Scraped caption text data
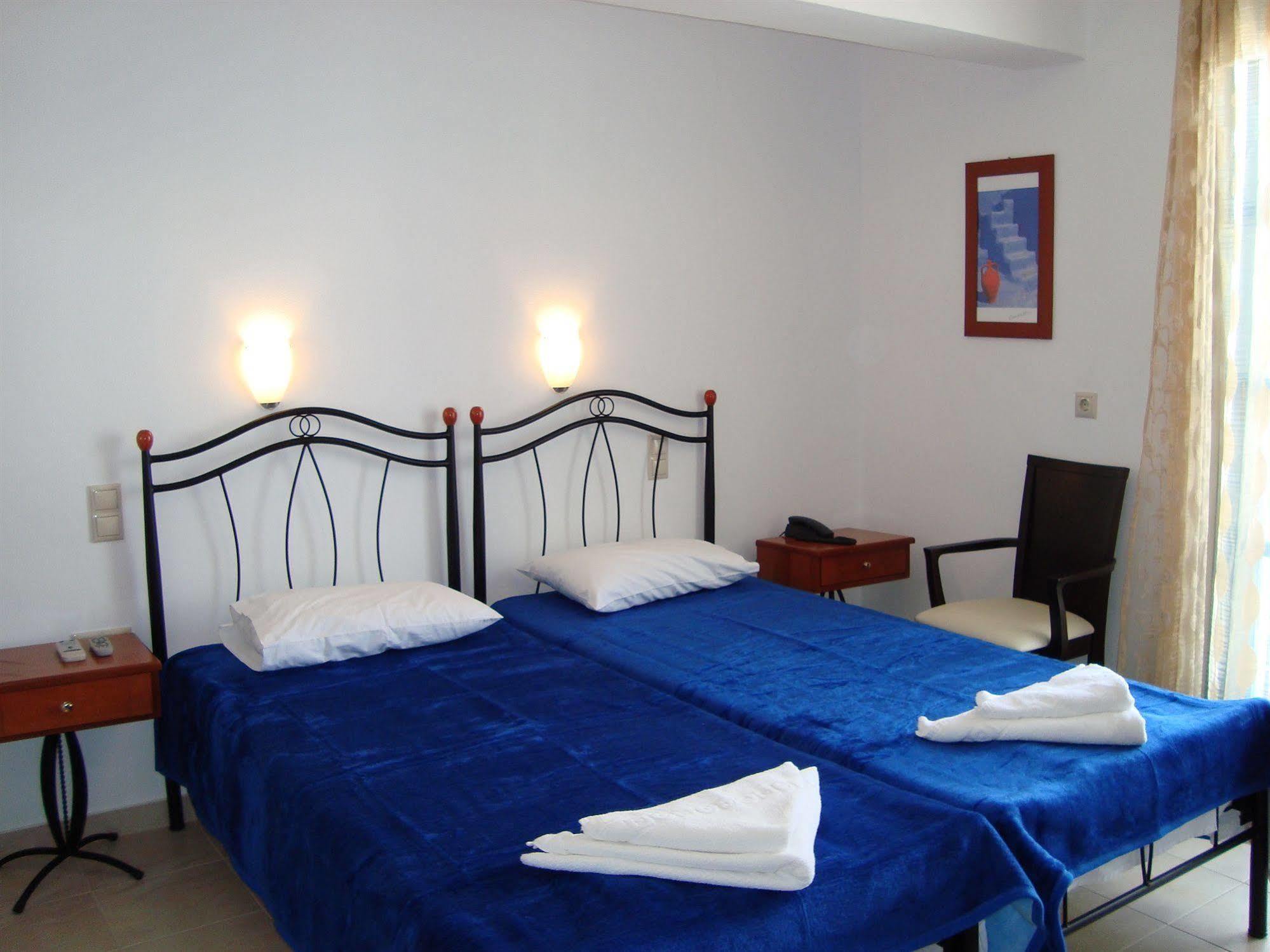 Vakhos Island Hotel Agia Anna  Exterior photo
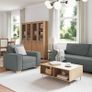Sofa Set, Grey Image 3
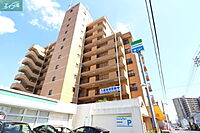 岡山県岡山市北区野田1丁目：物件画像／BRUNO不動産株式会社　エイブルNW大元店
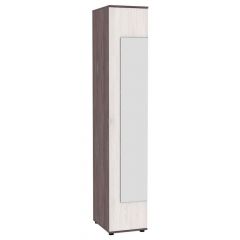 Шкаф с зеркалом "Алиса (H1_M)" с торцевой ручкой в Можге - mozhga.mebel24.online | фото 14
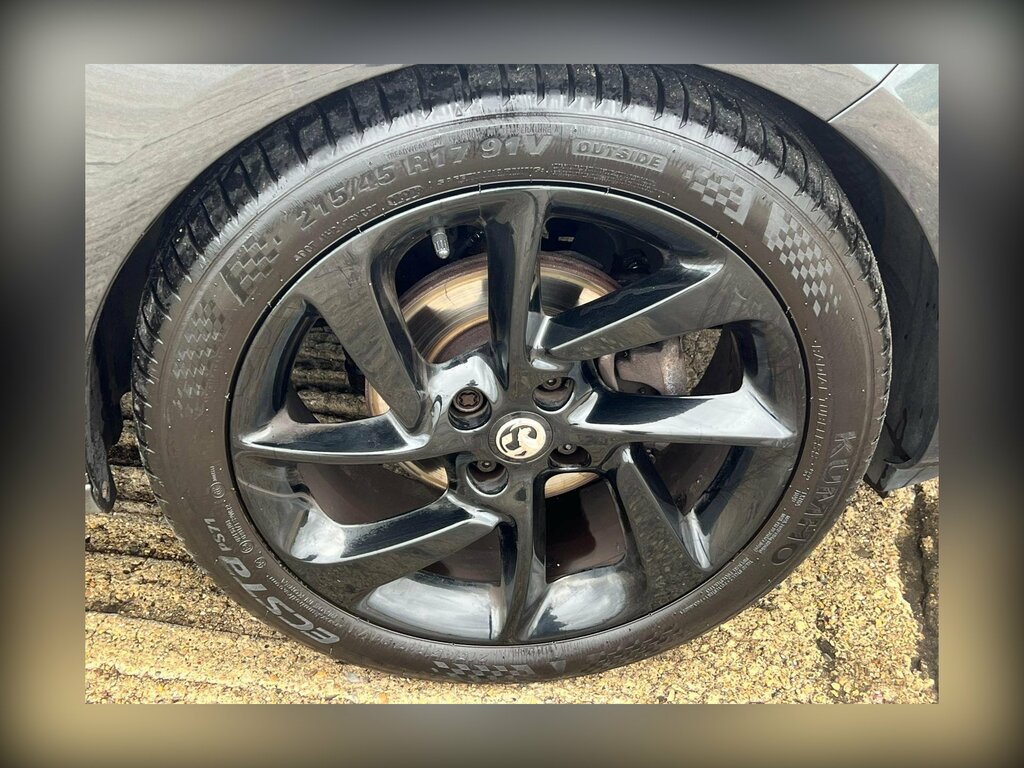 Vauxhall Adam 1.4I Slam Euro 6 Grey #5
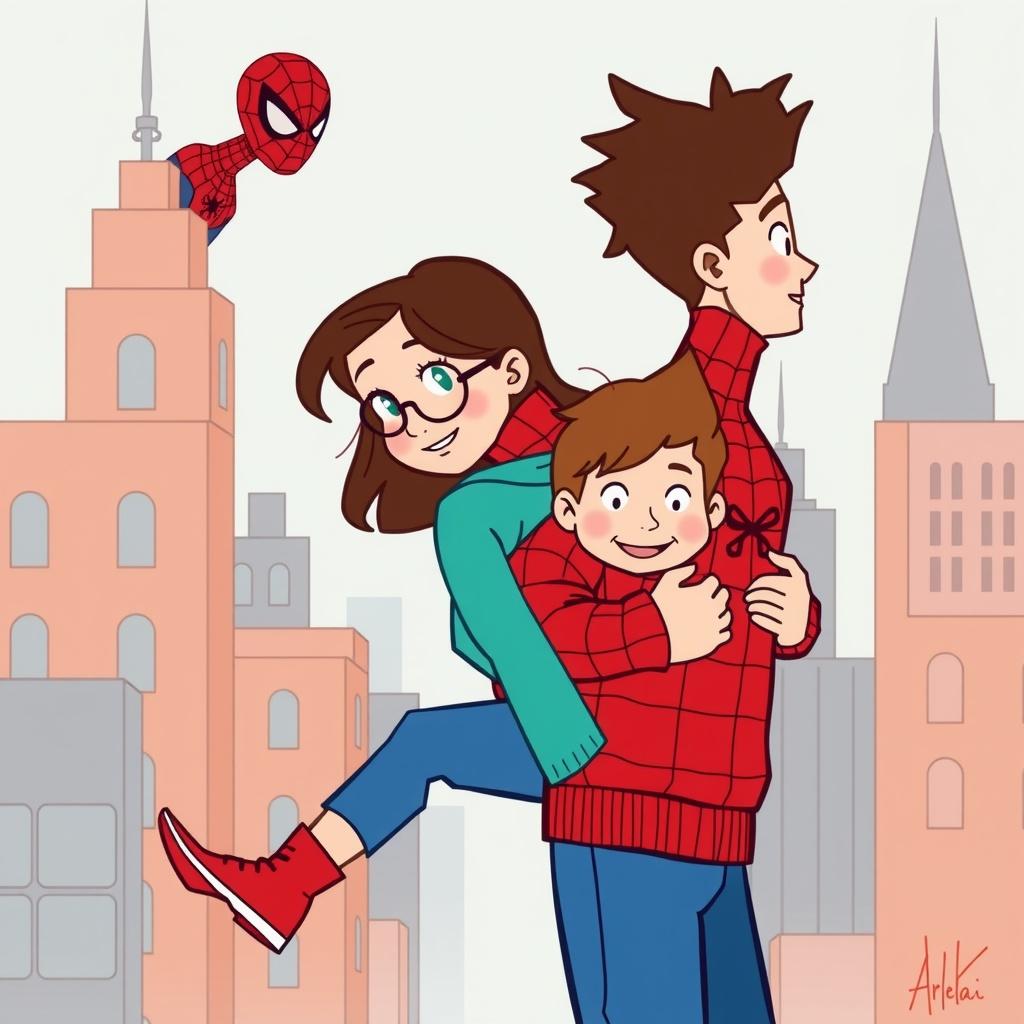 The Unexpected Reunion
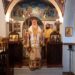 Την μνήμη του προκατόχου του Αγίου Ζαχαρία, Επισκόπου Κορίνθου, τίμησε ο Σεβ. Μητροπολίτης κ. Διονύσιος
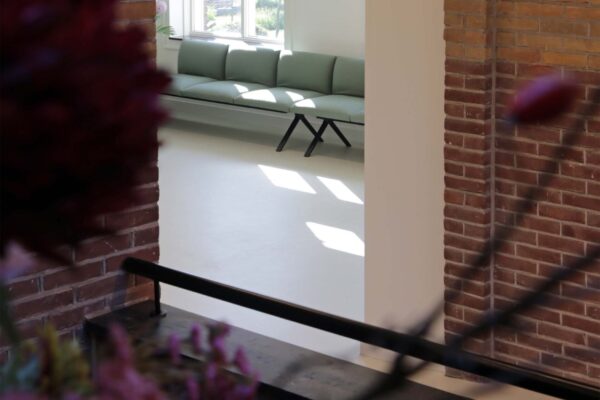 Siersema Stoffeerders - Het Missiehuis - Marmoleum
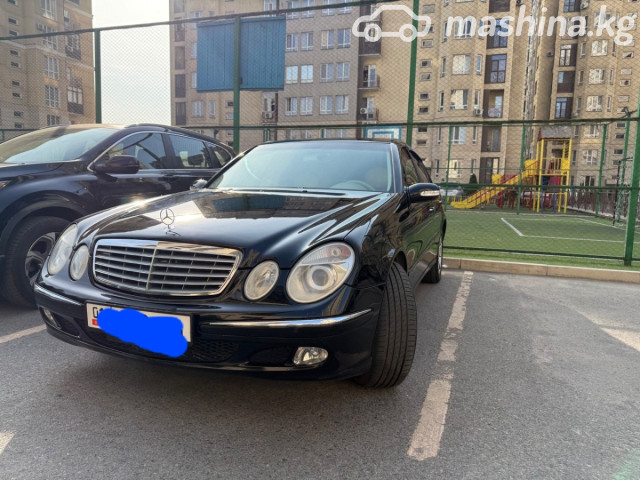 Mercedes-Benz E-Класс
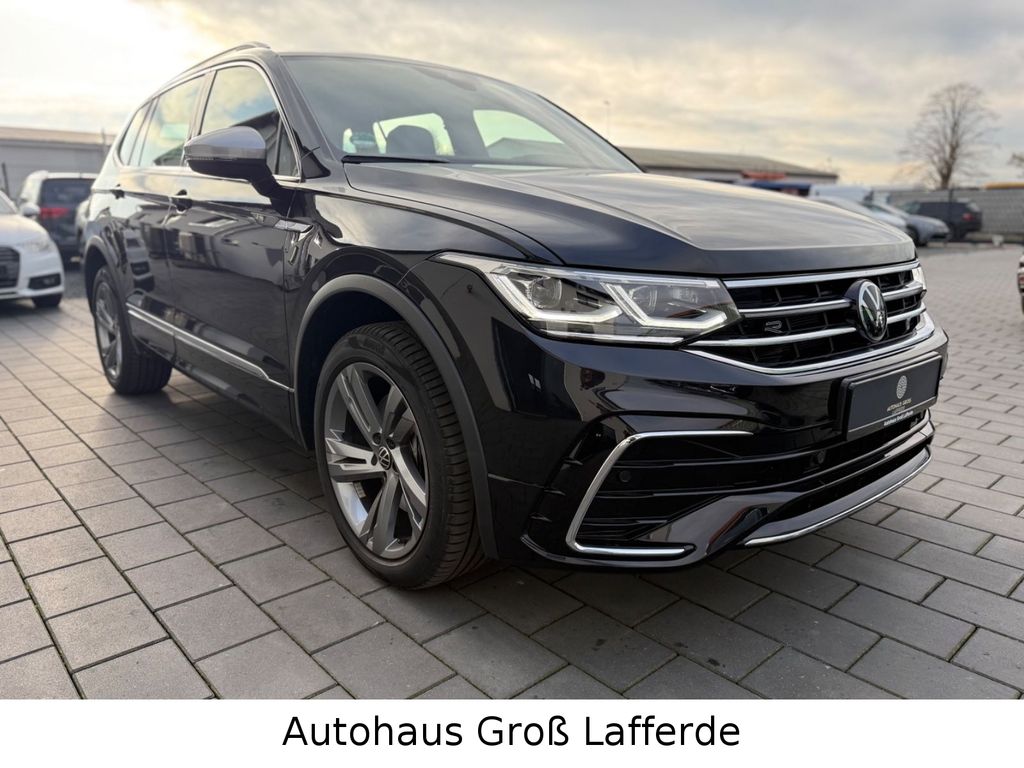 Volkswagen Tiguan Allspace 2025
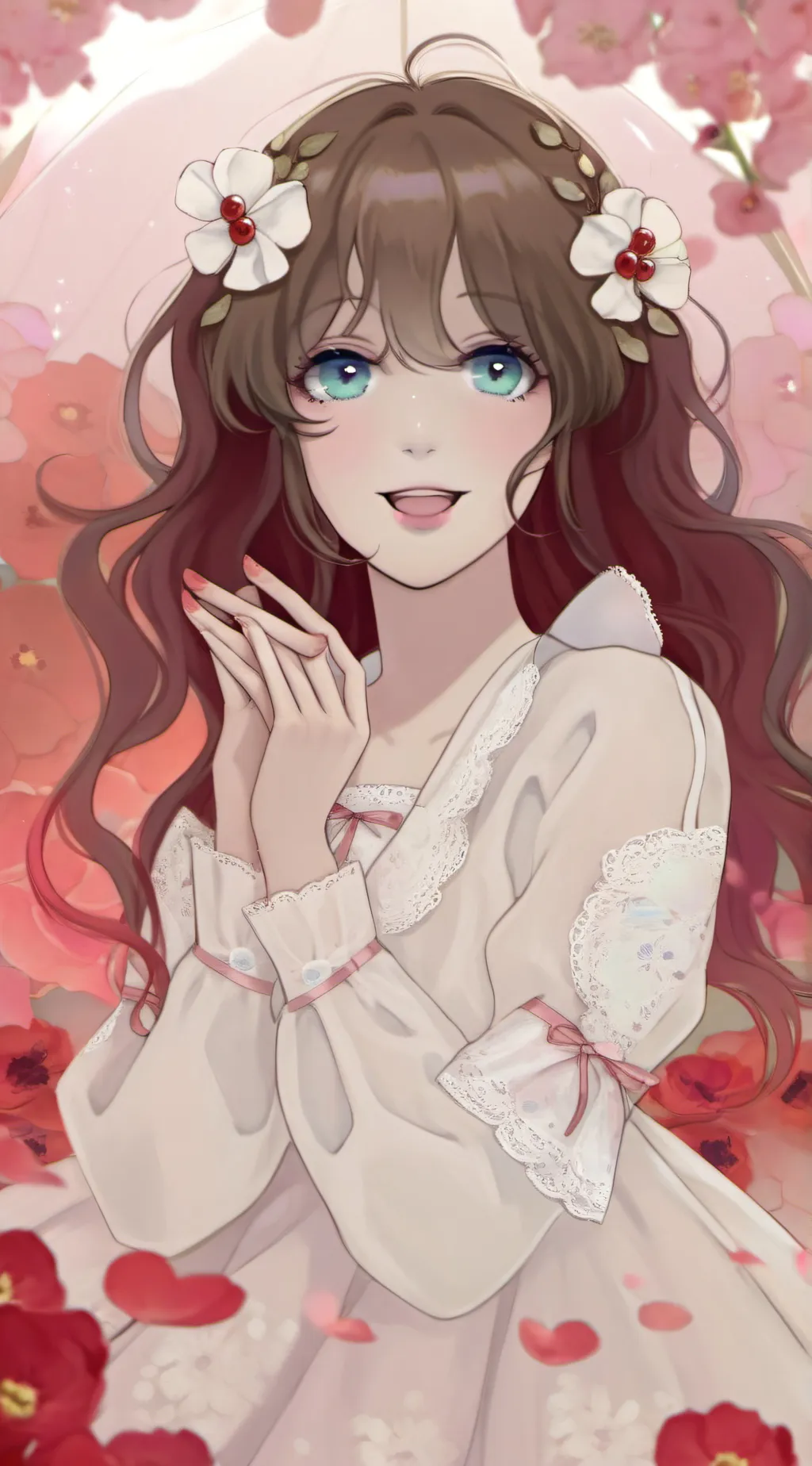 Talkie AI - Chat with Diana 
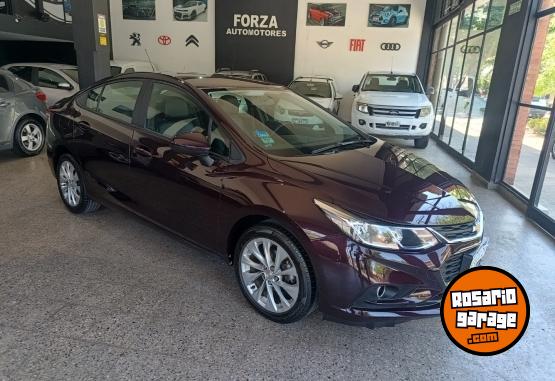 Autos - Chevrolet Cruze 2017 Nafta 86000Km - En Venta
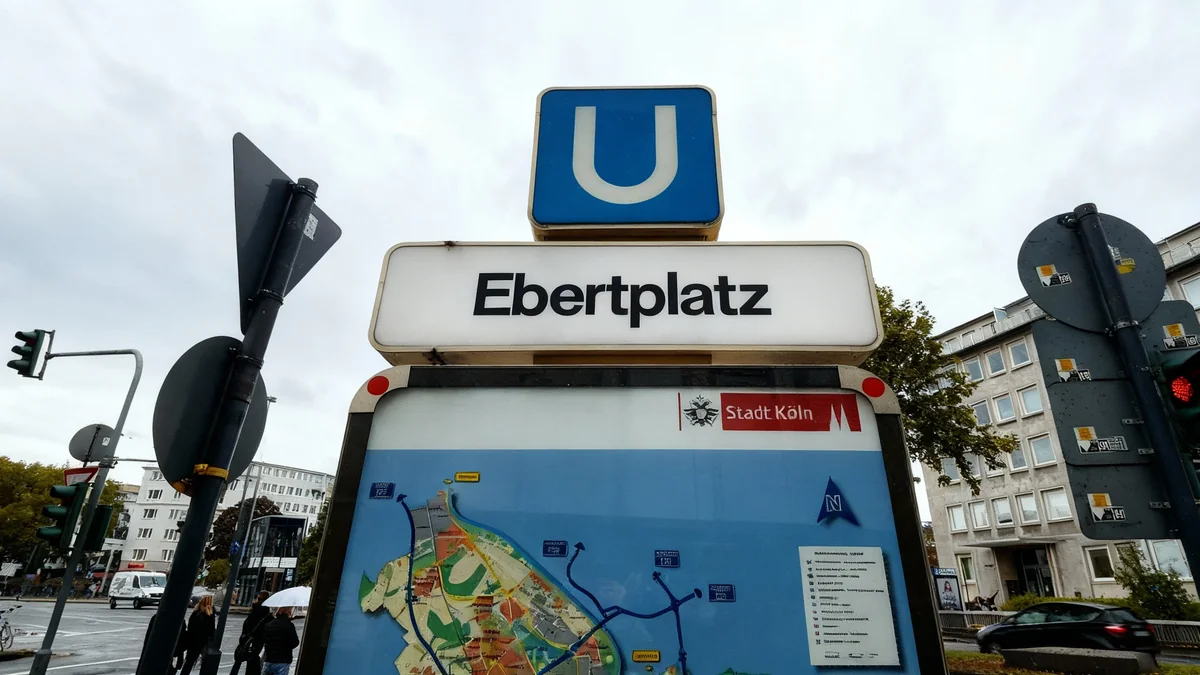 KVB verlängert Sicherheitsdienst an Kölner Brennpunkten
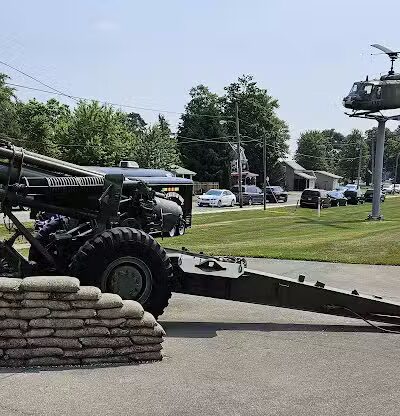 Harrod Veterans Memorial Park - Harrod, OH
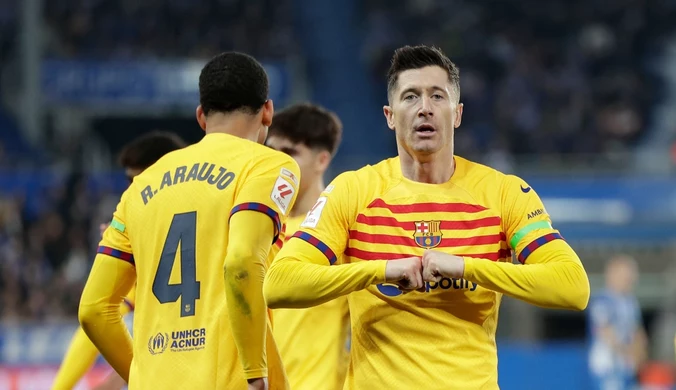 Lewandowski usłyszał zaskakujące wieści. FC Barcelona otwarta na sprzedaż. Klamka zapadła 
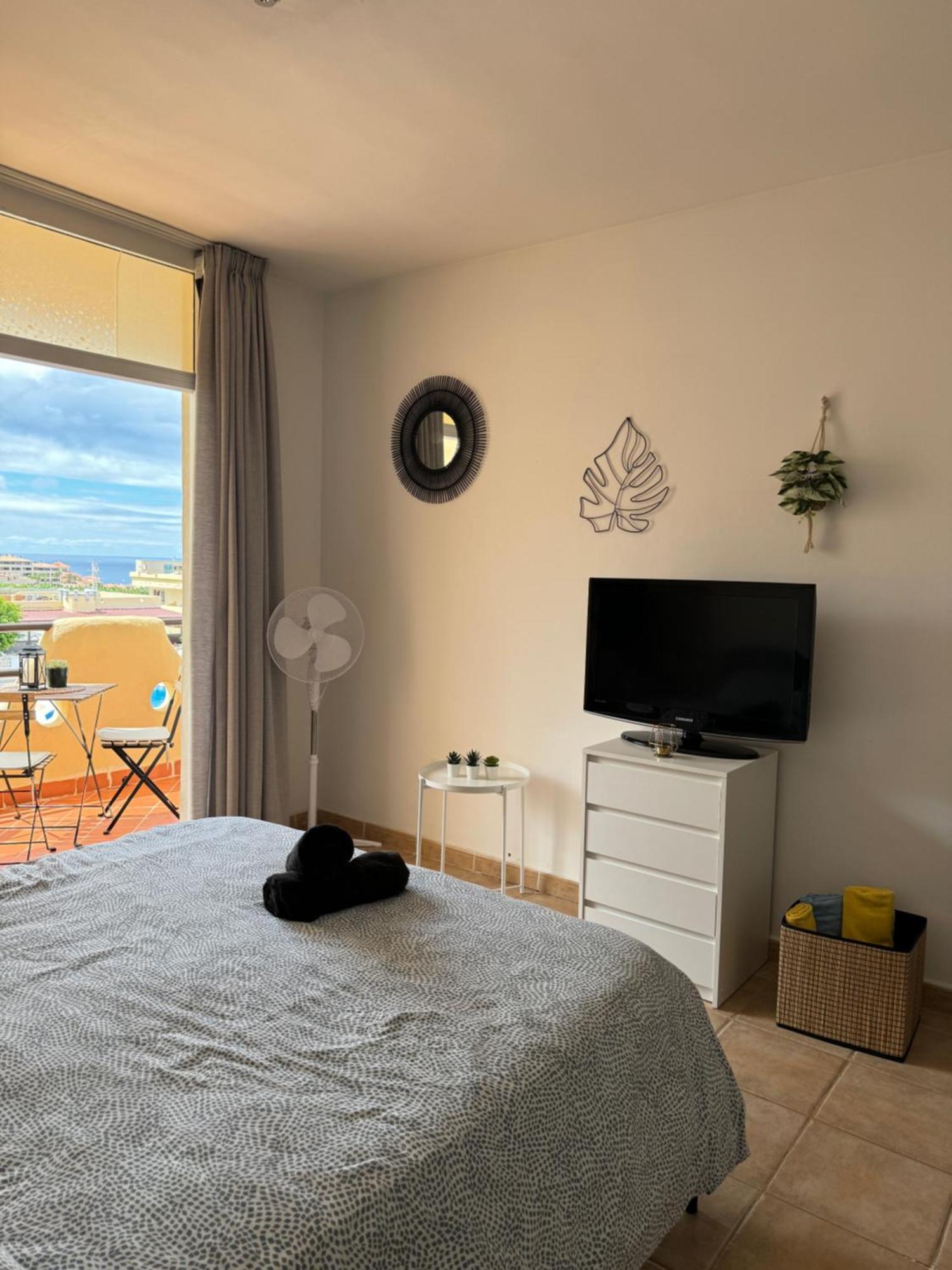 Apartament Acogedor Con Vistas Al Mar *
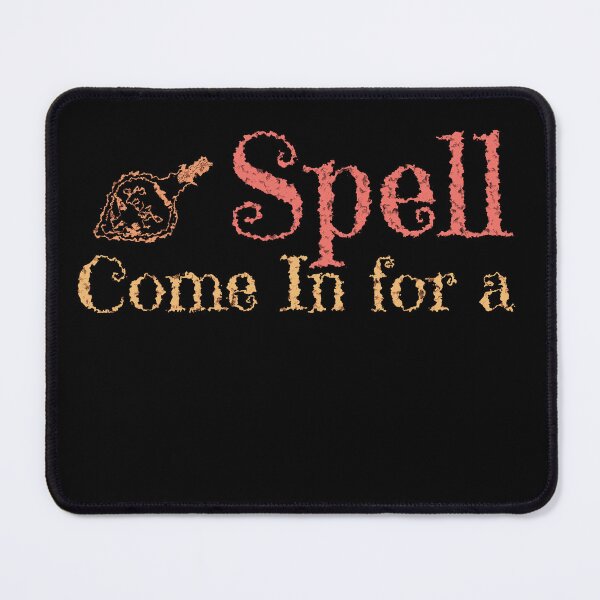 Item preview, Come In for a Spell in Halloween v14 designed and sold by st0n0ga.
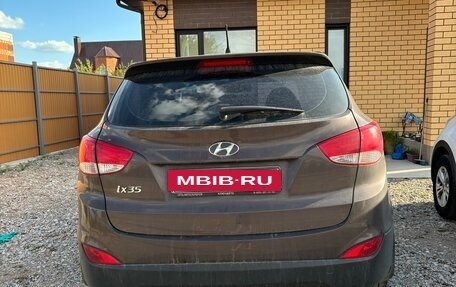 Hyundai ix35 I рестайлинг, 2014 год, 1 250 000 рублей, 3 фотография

▸ **YOUR INSTRUCTIONS**
Each line from the one containing "Talkie AI - Chat with Diana" through the last line of the data should be written out exactly. Skip the pictures, and add no other lines.

▸ **EXERCISE RESPONSE**
 Talkie AI - Chat with Diana 
 Autos - Chevrolet Cruze 2017 Nafta 86000Km - En Venta
 KVB verlängert Sicherheitsdienst an Kölner Brennpunkten
 Harrod Veterans Memorial Park - Harrod, OH
 Lewandowski usłyszał zaskakujące wieści. FC Barcelona otwarta na sprzedaż. Klamka zapadła 
 Apartament Acogedor Con Vistas Al Mar *
 Item preview, Come In for a Spell in Halloween v14 designed and sold by st0n0ga.
 Hyundai ix35 I рестайлинг, 2014 год, 1 250 000 рублей, 3 фотография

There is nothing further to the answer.